At the university, he taught on political economy, social economy, credit, exchange and finance, labour legislation, and history.[1] As a historian his work focused on economic and monetary legislation in the Habsburg Netherlands. He was an active member of the Royal Commission for the publication of the old laws of the Low Countries,[1] and a contributor to the Biographie Nationale de Belgique and the Catholic Encyclopaedia.

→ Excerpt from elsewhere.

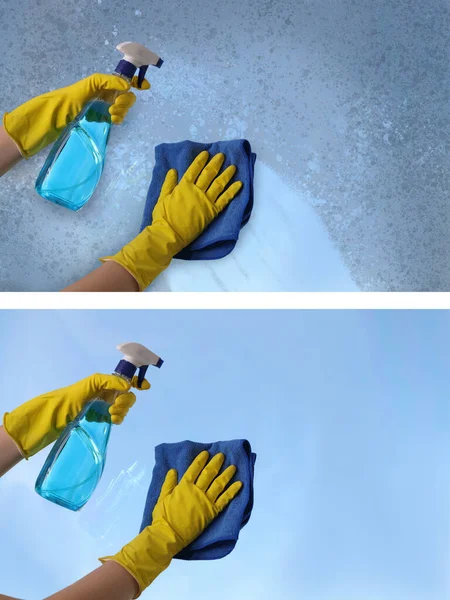 Collage Photos Window Cleaning — 图库照片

In 1895 he was elected a corresponding member of the Royal Academy of Science, Letters and Fine Arts of Belgium, and in 1899 a full member.[1]
Displaced by the Sack of Leuven in 1914, he lived as a refugee in Brussels, where he fell into isolation and poverty. He died while undergoing pulmonary surgery without anaesthetic in Leuven on 28 April 1917, offering up his suffering with his eyes fixed on an image of Christ.[1]